The Cleveland Wheelchair Cavaliers could be called the Medina County Cavs.
That’s because the head coach and three players call Medina County home and the team recently moved its practice facility to the Brunswick Recreation Center, where they played their final game of the season Sunday.
“It’s been a great experience to be here,” said head coach Tim Fox. “We’re hoping to host at least one tournament a year.”
The team became the Wheelchair Cavaliers in 1992, when they partnered with the Cleveland Cavaliers, Cleveland Clinic and Invacare, the Elyria-based maker of Top End wheelchairs, to compete in the National Wheelchair Basketball Association.
Fox, a Brunswick resident, said the team practiced in Brook Park until January after scheduling conflicts left them looking for a better fit.
He said Brunswick City Council and Recreation Center Director John Piepsny helped make the facility the Cavs’ new home.
That makes getting to practice easier for players Erin Fakan of Hinckley, Paul Zinn of Medina and Erik Whetstone of Brunswick.
Whetstone and Fakan were both born with spina bifida — a birth defect that stops the vertebrae from forming properly around the spinal cord. It varies in severity.

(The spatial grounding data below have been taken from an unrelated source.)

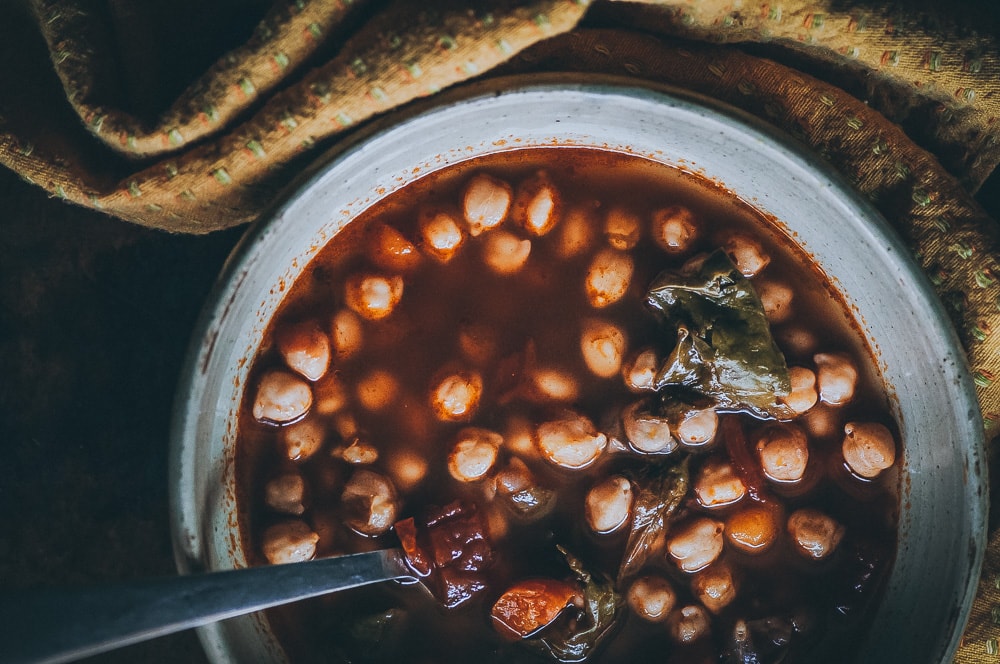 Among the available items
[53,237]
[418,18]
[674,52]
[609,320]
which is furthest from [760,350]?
[53,237]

Whetstone can walk while Fakan is mostly bound to her wheelchair.
“I’ve always wanted to play basketball, and it’s helped me stay more active, which is not easy to do being stuck in a chair,” said Fakan.
Fakan has been with the team since 2011, and also plays baseball and participates in winter skiing — a sport much like bob-sledding, using two crutches with small skis at the ends to help steer.
Unlike Whetstone and Fakan, Zinn came to use a wheelchair because of an accident. He suffered a fall from a roof in 2010 while working for the family business, Zinn Mechanical.
He lost a vertebrae and suffered nerve damage in his legs and feet.
All the players said the team has given them the opportunity to stay active and have fun while doing something meaningful.
“It gave me the opportunity to make some wonderful friends and great teammates,” Zinn said.
The team also works with disabled children and adults, building awareness of disabilities through community outreach, including halftime appearances, speaking engagements, demonstrations and volunteer work.
They have connections to the Wounded Warrior Project, too.
Former Wheelchair Cavs star Steve Smutak of Berea left the team after 31 years — playing since well before they were the Wheelchair Cavs — to become the program director for a Wounded Warrior branch in Virginia.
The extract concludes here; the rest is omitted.